Goal of the exercise: Retype word for word the first line of the listing and each line after it up to the line with "Split Bed Base", with the pictures taken out.
* * * *
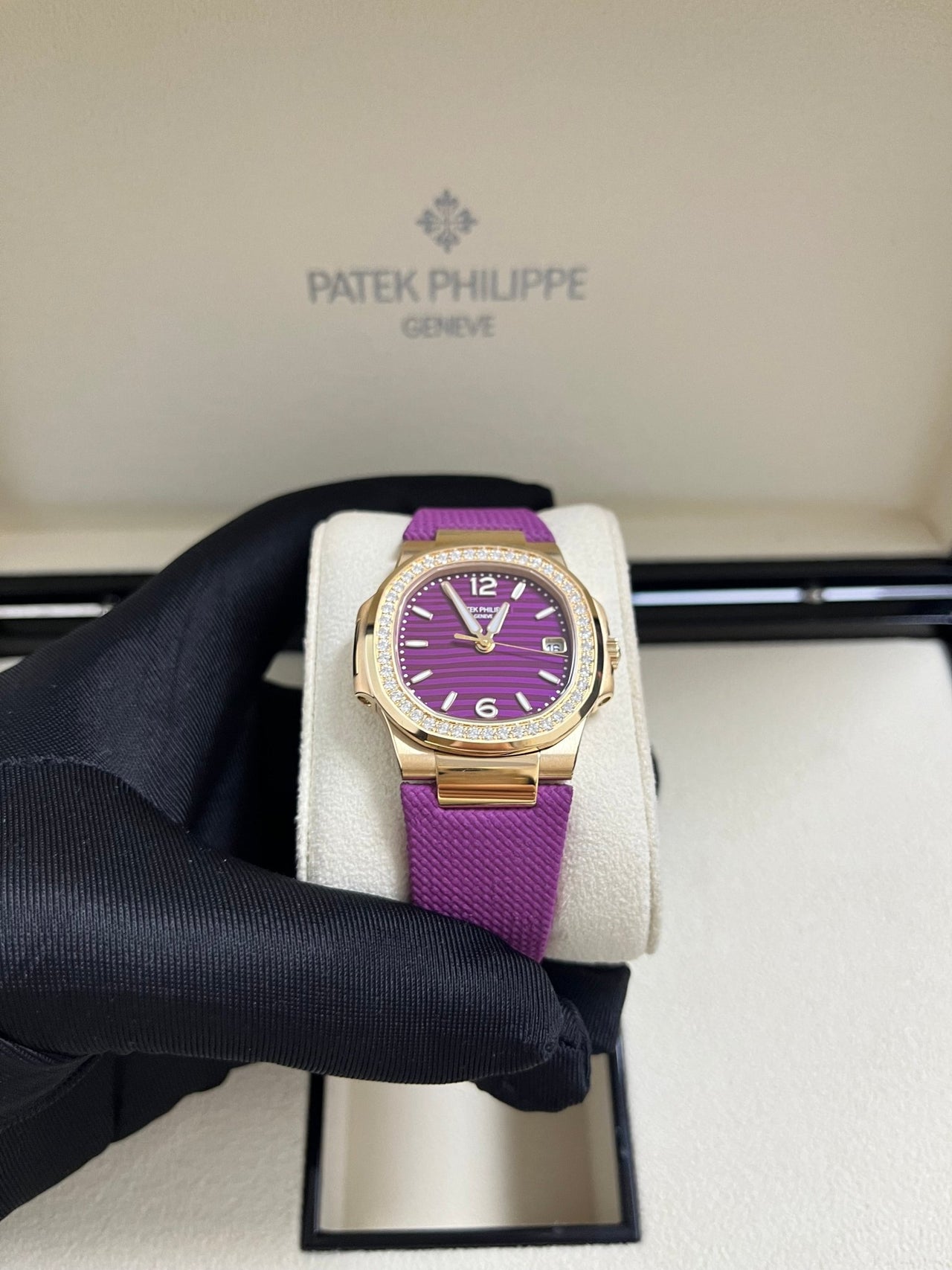 Patek Philippe Nautilus 32mm Diamond Bezel Rose Gold Purple Wave Dial 7010R - 013 - WatchesOff5th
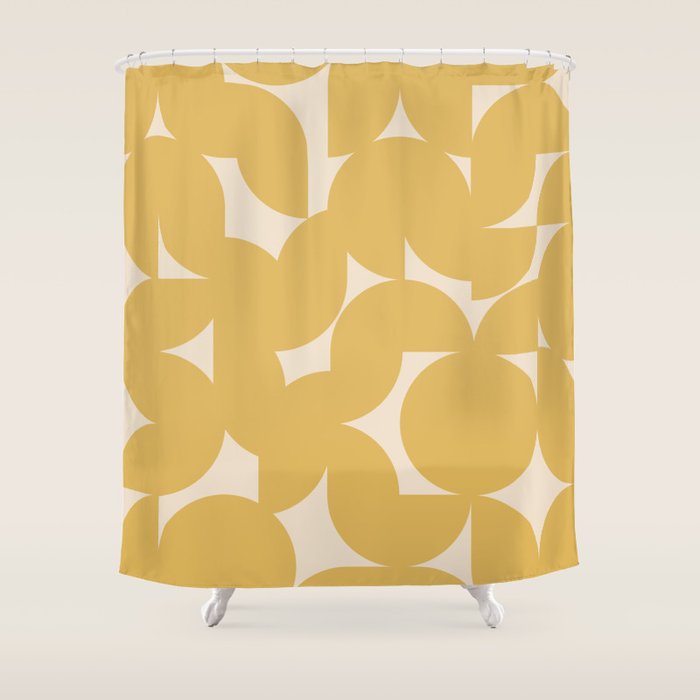 Contemporary Geometric Shapes - Orange Shower Curtain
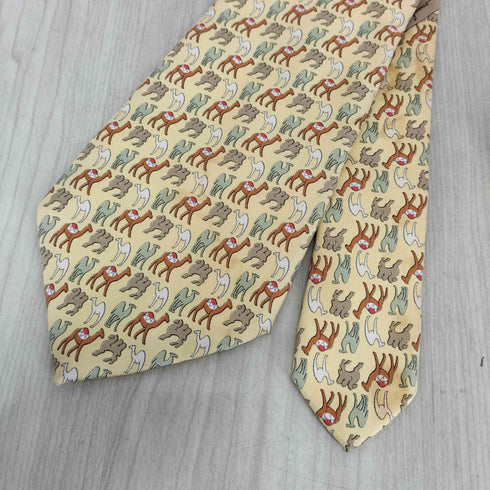 サルヴァトーレフェラガモ Salvatore Ferragamo ラクダ柄 シルク ネクタイ メンズ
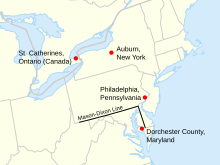 Mapa de locais em Maryland, Pensilvânia, Nova Iorque e Ontario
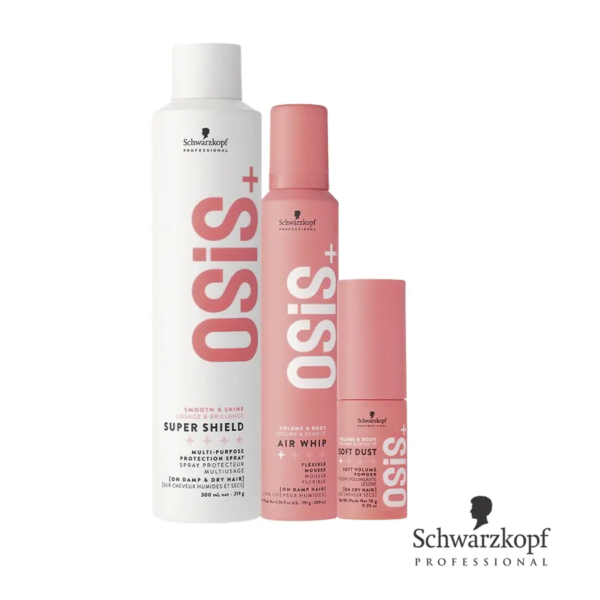 OSIS+ Pack Rizos con Protección Térmica, set único para proteger el cabello del calor y la contaminación, evitando encrespamiento, rotura y pérdida de brillo.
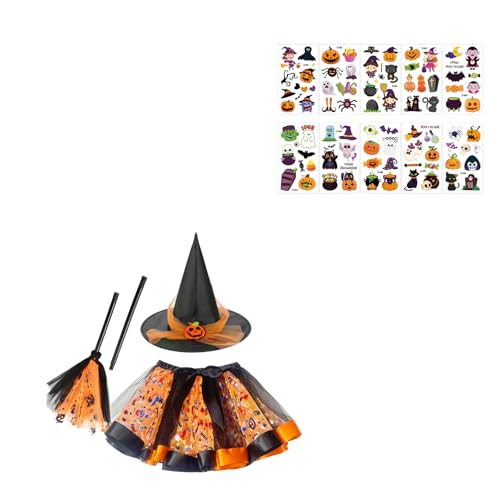 Moerstar Halloween Hexenkostüm Kinder Mädchen, Hexenkleid Kostüm Tüllrock Hexenbesen Hexenhut Aufkleber, Kostüm Kinder Hexe Mädchen für Halloween Karneval Party (Stil 2, S) von Moerstar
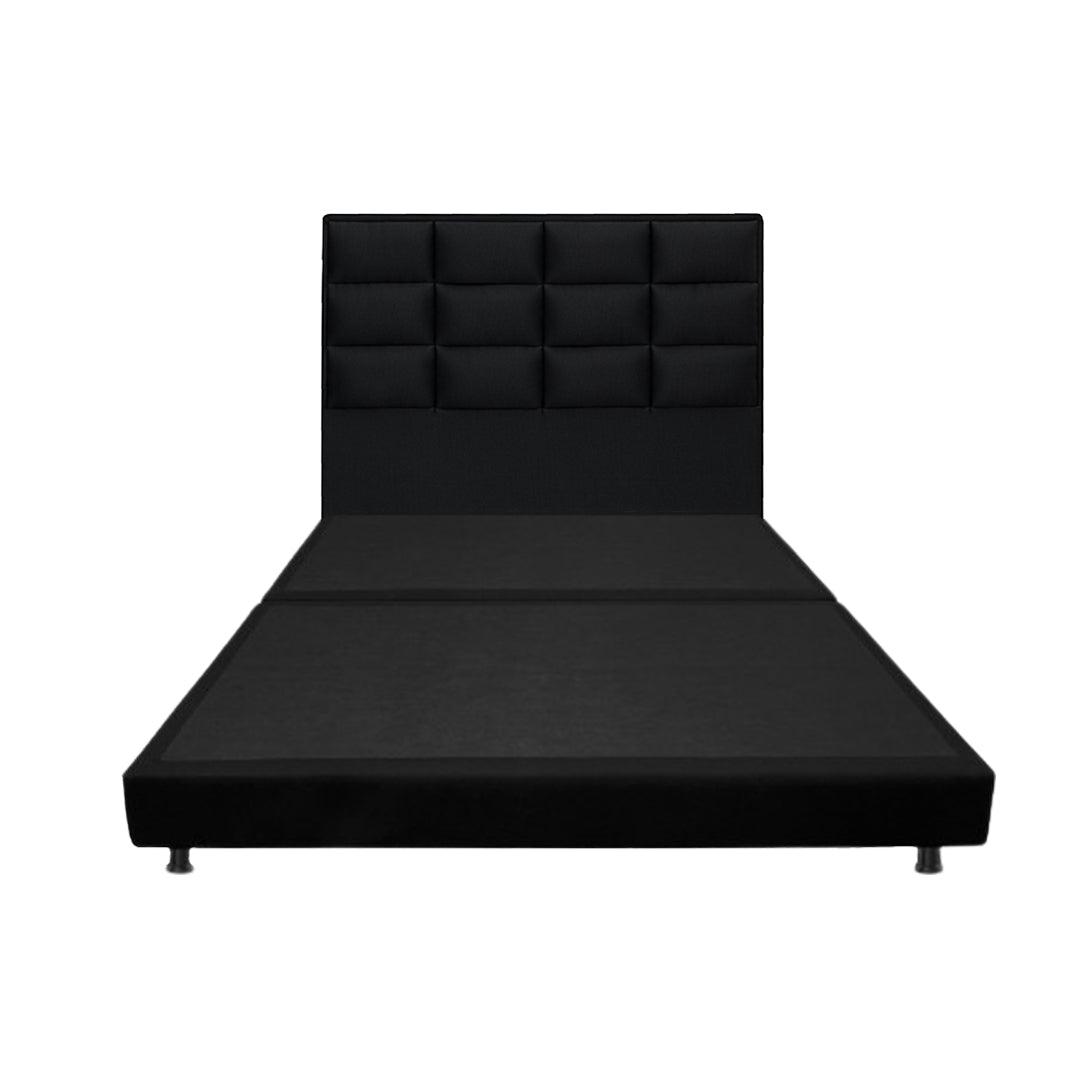 Split Bed Base and London Black Headboard Combo 160x190cm with Legs - Modern Bed Frame for Small Spaces, Guest Rooms & Apartments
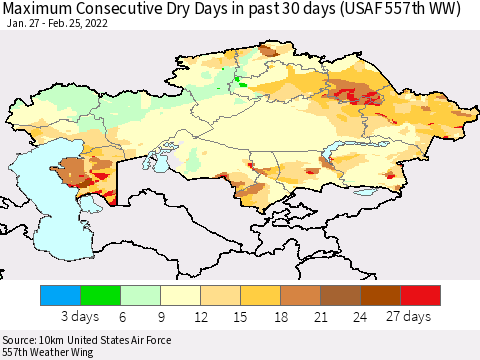 Kazakhstan Maximum Consecutive Dry Days in past 30 days (USAF 557th WW) 02/25/2022 Thematic Map For 2/21/2022 - 2/25/2022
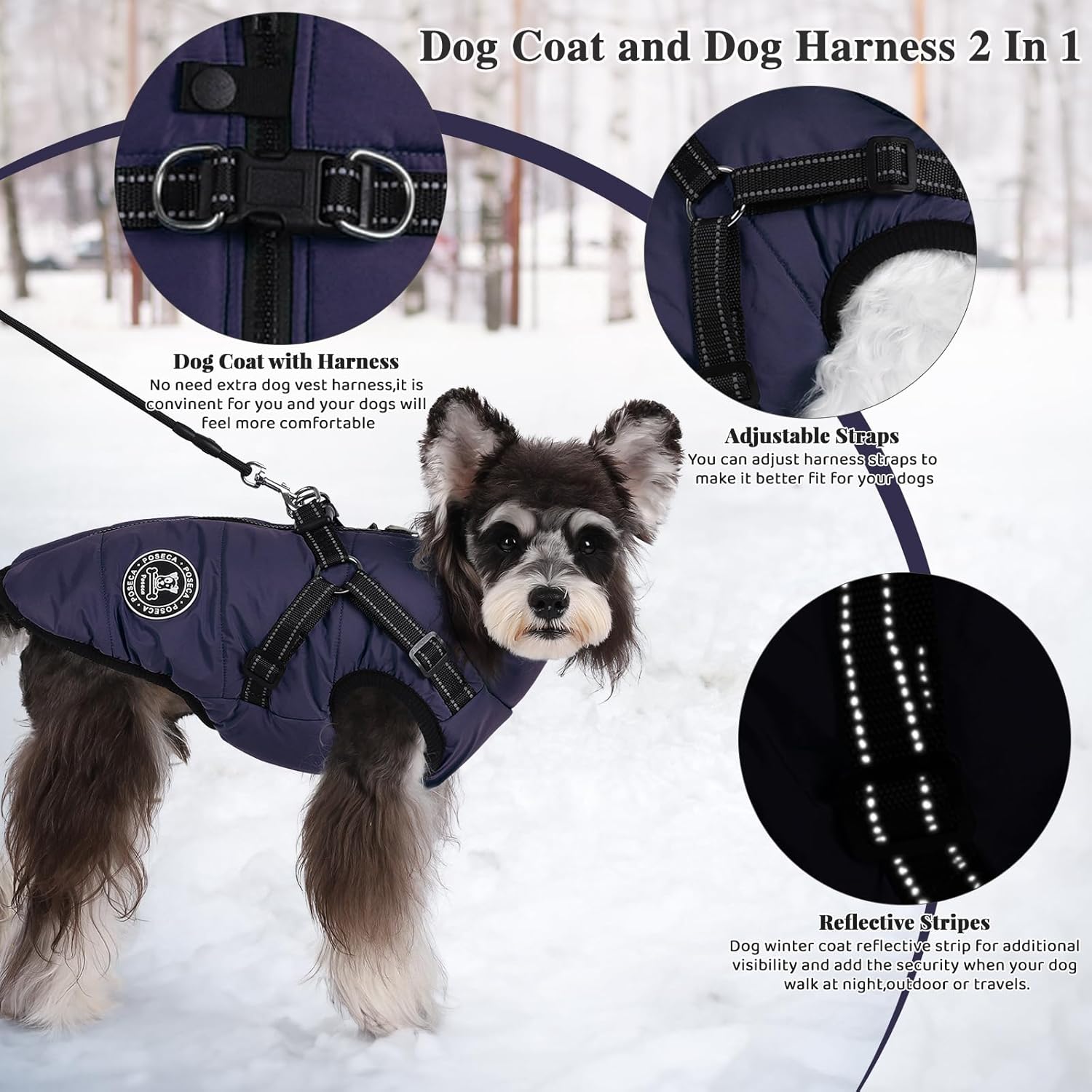Poseca Dog Clothes for Small Dogs Dog Coat Waterproof Winter Jacket Warm Vest Dog Clothes Dog Coat Warm Winter Dog Jacket with Dog Harness for Small Medium Large Dogs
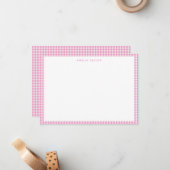 Carte De Correspondance Cute Retro Pink White Gingham Plaid Personalized (Devant/Arrière en situation)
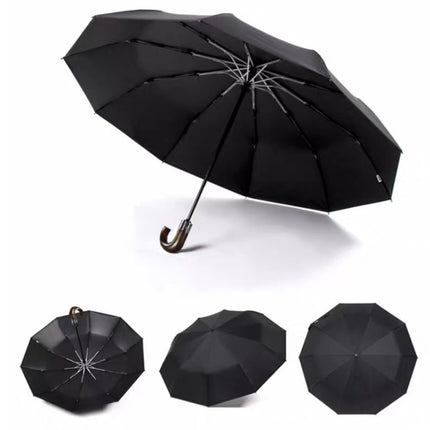 PARACHASE Solid Wood Bending Handle 10 Bone Three Fold Automatic Umbrella(Black)-garmade.com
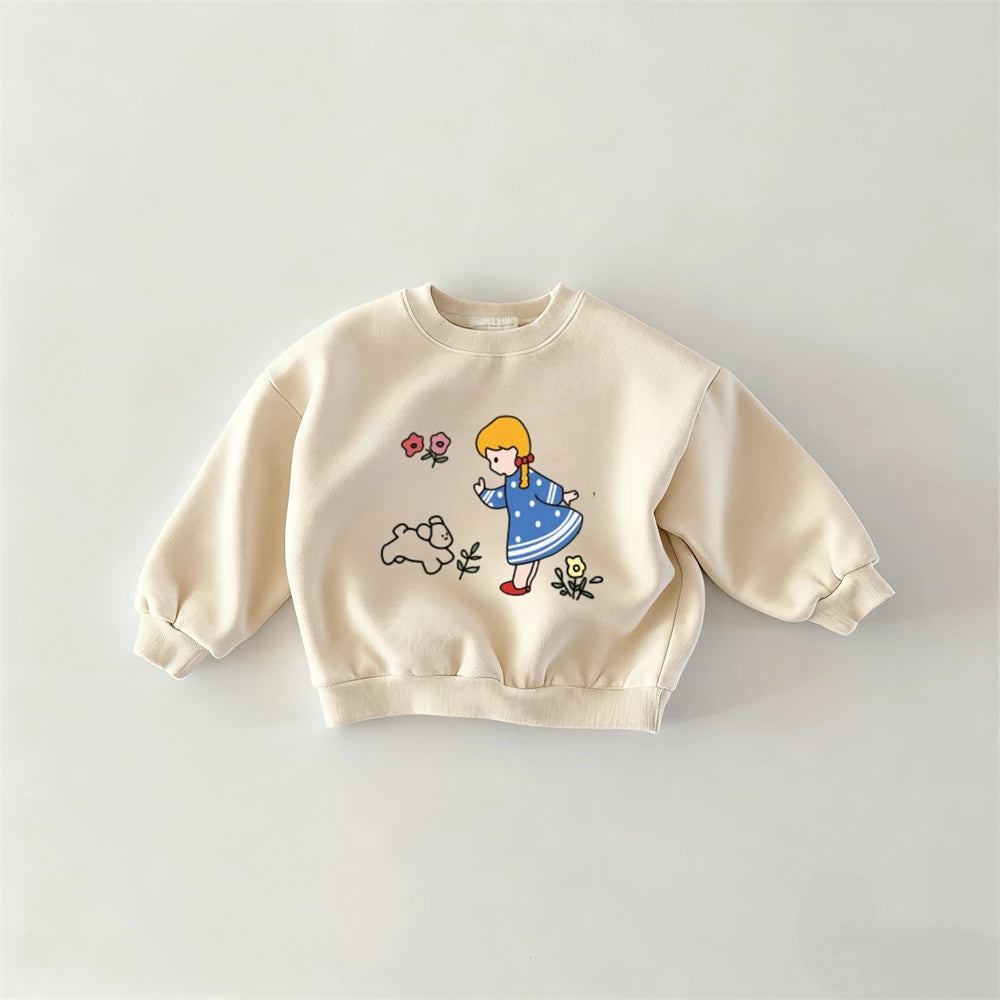 Korean Version Wear Girls Long Sleeve Printing Hoodies Lovely Clothing Pink Trendy Sweatshirts Spring Autumn Children's Costume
* * * *
Task response:
 Patek Philippe Nautilus 32mm Diamond Bezel Rose Gold Purple Wave Dial 7010R - 013 - WatchesOff5th
 Contemporary Geometric Shapes - Orange Shower Curtain
 サルヴァトーレフェラガモ Salvatore Ferragamo ラクダ柄 シルク ネクタイ メンズ
 Mapa de locais em Maryland, Pensilvânia, Nova Iorque e Ontario
 OSIS+ Pack Rizos con Protección Térmica, set único para proteger el cabello del calor y la contaminación, evitando encrespamiento, rotura y pérdida de brillo.
 Moerstar Halloween Hexenkostüm Kinder Mädchen, Hexenkleid Kostüm Tüllrock Hexenbesen Hexenhut Aufkleber, Kostüm Kinder Hexe Mädchen für Halloween Karneval Party (Stil 2, S) von Moerstar
 Split Bed Base and London Black Headboard Combo 160x190cm with Legs - Modern Bed Frame for Small Spaces, Guest Rooms & Apartments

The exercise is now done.